The job count fluctuated over the years, but at times it reached 1,500 or more employees. Reader's Digest was once a lucrative source of work. In summer 1975, the plant announced a $100 million, multiyear deal to keep producing the magazine, as it had since 1965. The site was printing about 10.5 million copies of the magazine per month. The Reader's Digest work went away in 1996.

Over the years, the plant also printed retail inserts for newspapers, brochures, a variety of magazines, and AAA Tour Books.

And it churned out paperback books, millions of them. A 2008 Buffalo News story mentioned the plant had produced 270 million of mass-market paperbacks the previous year.

> A good run

The future looked bright in 1963 when J.W. Clement finished moving into its new $4.5 million plant, relocating operations of two Buffalo plants there. "I know we'll be here a long while and many other businesses will join us on the tract," said William Roesser, Clement's president, at a 1963 dinner welcoming the company to Depew.
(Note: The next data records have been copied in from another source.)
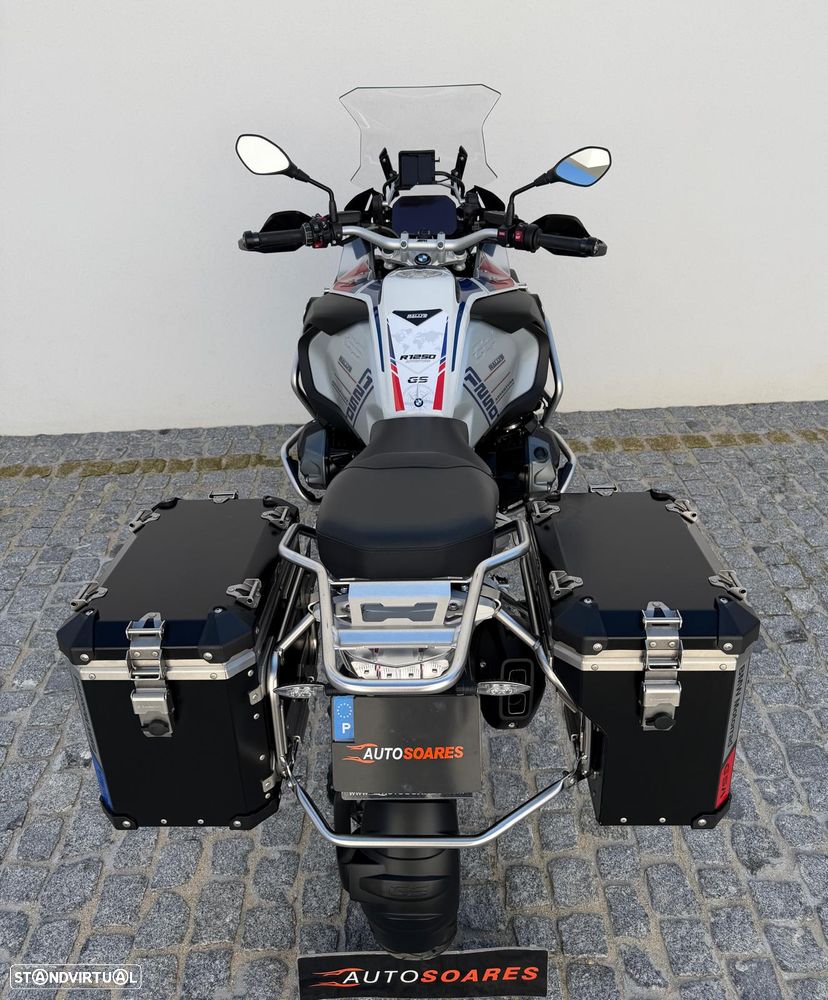 BMW R 1250 GS Adventure - 7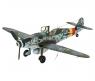 Сборная модель "Истребитель" - Мессершмитт Bf109 G-10, 1:48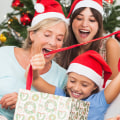 What day of christmas do you open gifts?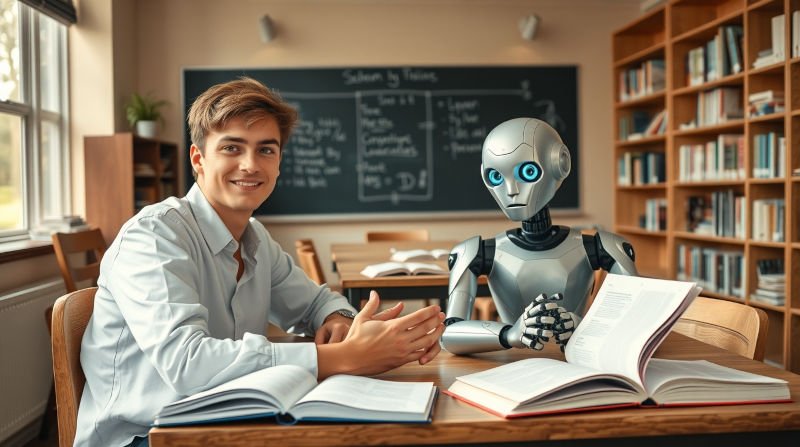 Magic of LoRA: The Secret Behind Fast, Cheap, and Powerful AI b29 03 flux schnell a young adult man with short brown hair and a gen 2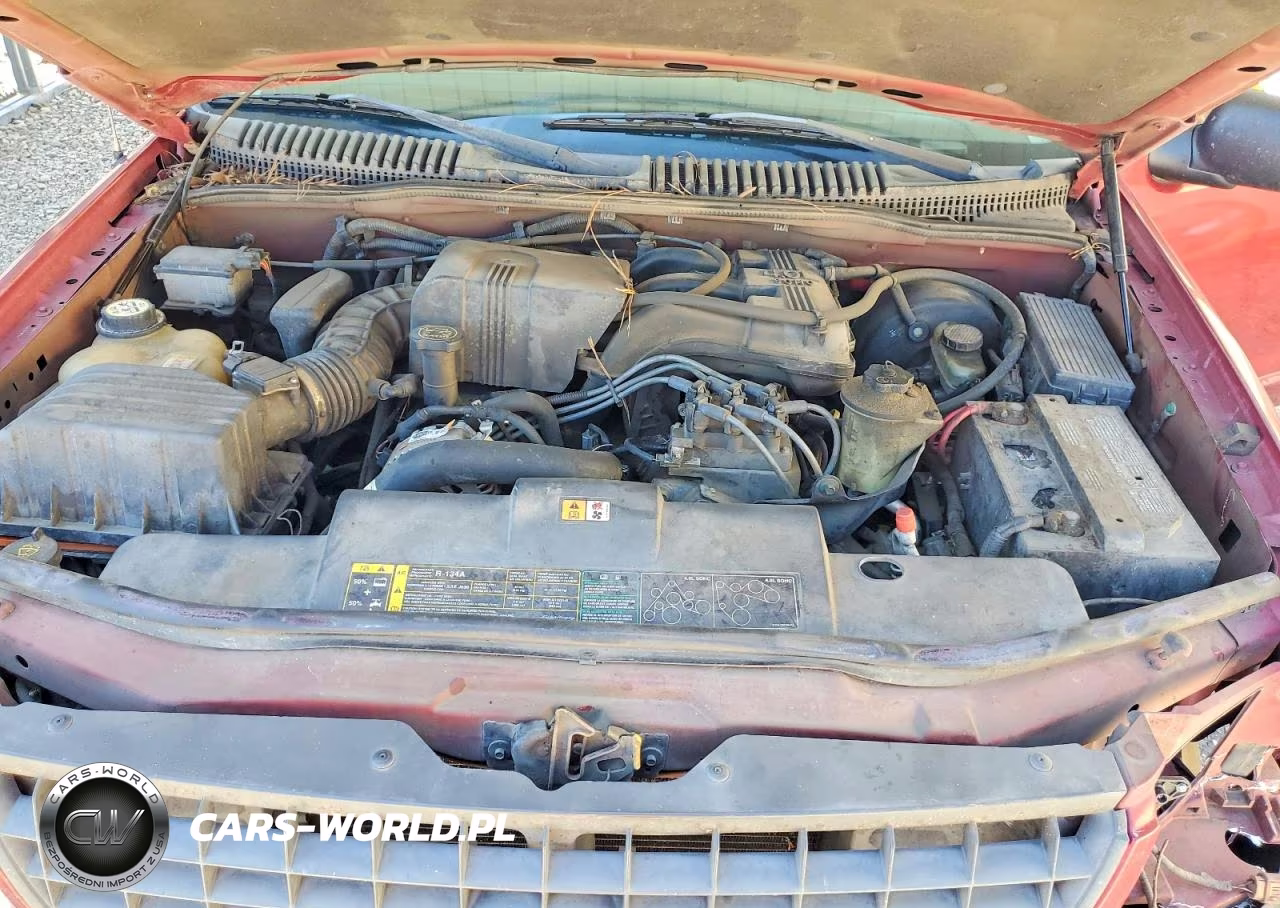2003 Ford Explorer Xls VIN:1FMZU62K73UA03046 - 12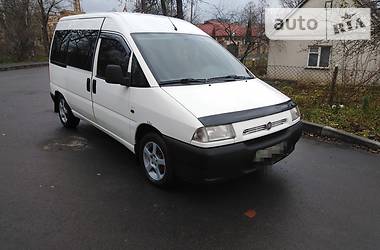 Fiat Scudo  2000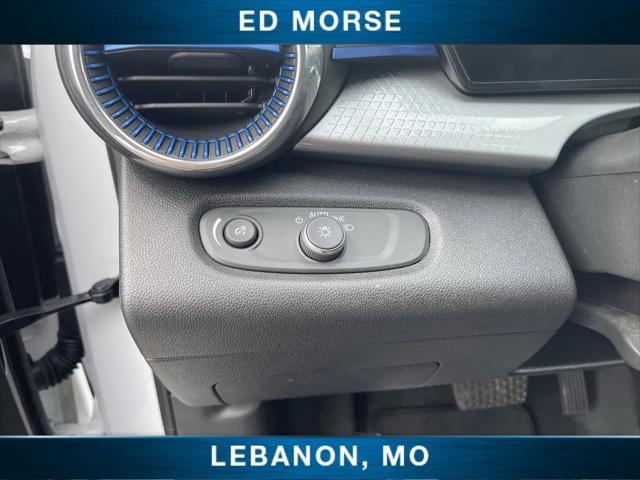 2025 Chevrolet Trax FWD LT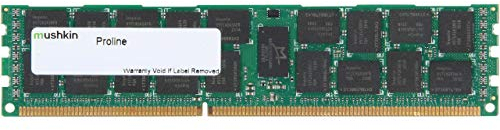Mushkin 8GB (1 x 8GB) Proline DDR4 PC4-2133 ECC Server Memory Model MPL4E213FF8G28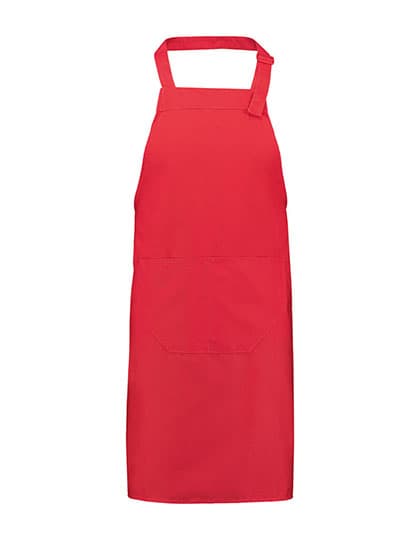 Schürze — Red
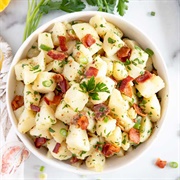 German Potato Salad in Germany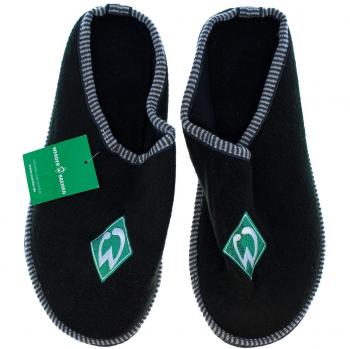 Werder Bremen Komfort‑Hausschuhe 44/45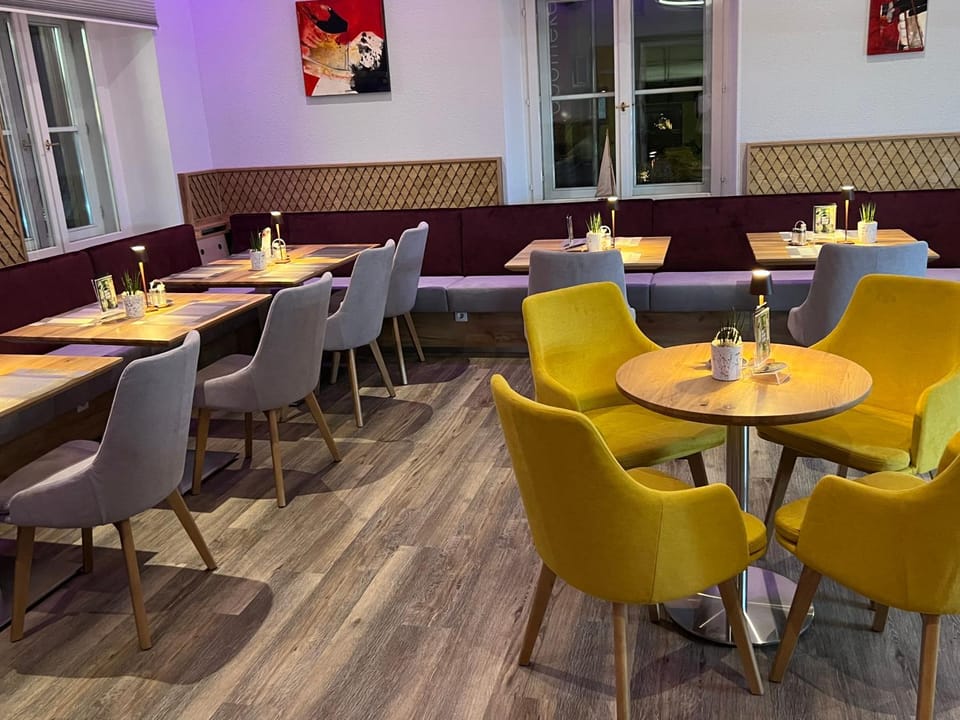 Restaurant/places to eat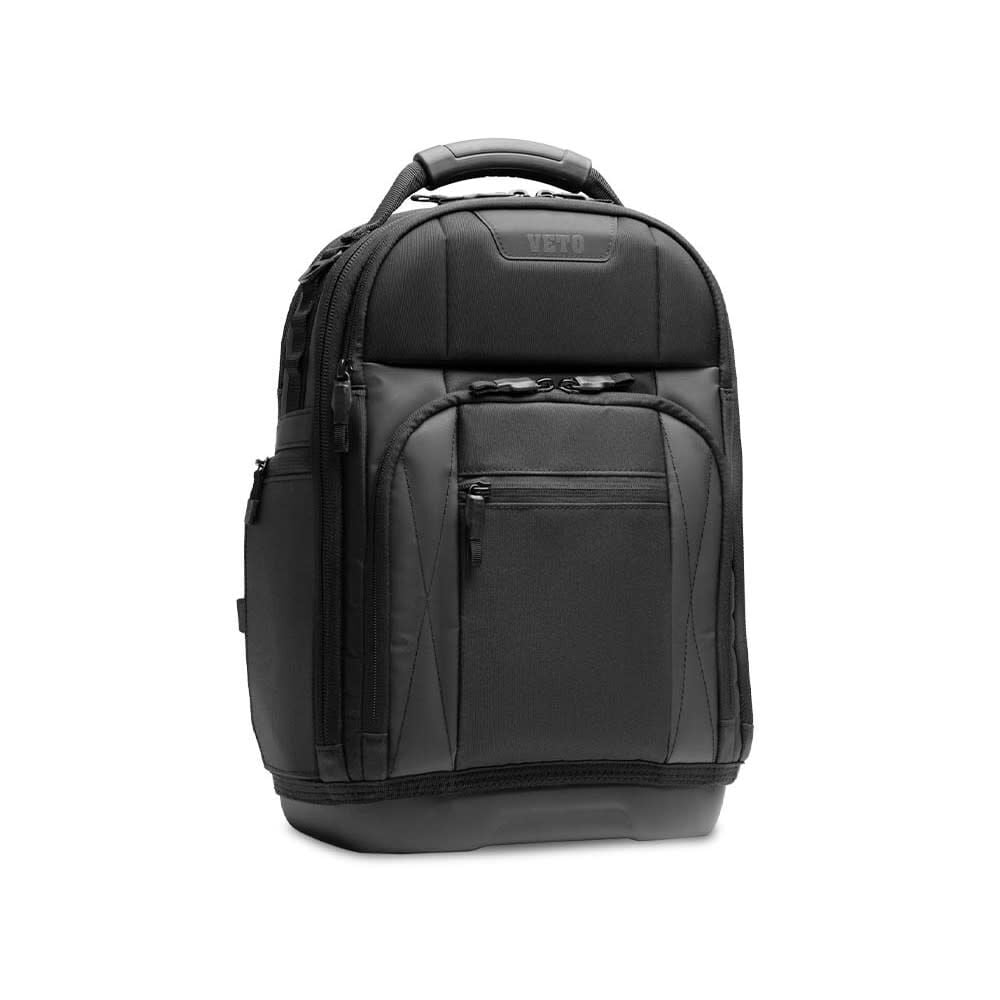 Veto Pro Pac NORWALK 20 Liter 600D Waxed Polyester Backpack – VTO20014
In 1965, the Clement company was acquired by Arcata and the local plant was renamed Arcata Graphics. Quebecor Printing bought Arcata's printing plants in 1993. In 2008, the company then known as Quebecor World filed for Chapter 11 bankruptcy, and adopted the Worldcolor name after emerging in 2009. Next came Quad/Graphics.

The Depew plant was known over the years not only as a major employer, but a printing operation with the technology and capability to handle a variety of production, said Timothy Freeman, president of the Amherst-based Printing Industries Alliance.

Freeman said he sees three factors contributing to the plant's fate: chronic overcapacity in the industry; the shift toward electronic formats, such as the Kindle e-reader; and a still-uncertain economy.

The closing adds to the region's well-documented loss of manufacturing jobs. It also will leave a massive property in need of a new use.

The company is trying to help the employees find other jobs in the area or within Quad/Graphics, said Claire Ho, a company spokeswoman. "We understand we're impacting people's lives and we want to help them move forward in their careers."

Those careers won't be at the Depew plant, a source of jobs, economic spinoff and memories going back decades. For the retiree Opatkiewicz, the loss is personal. "I have a lot of friends over there."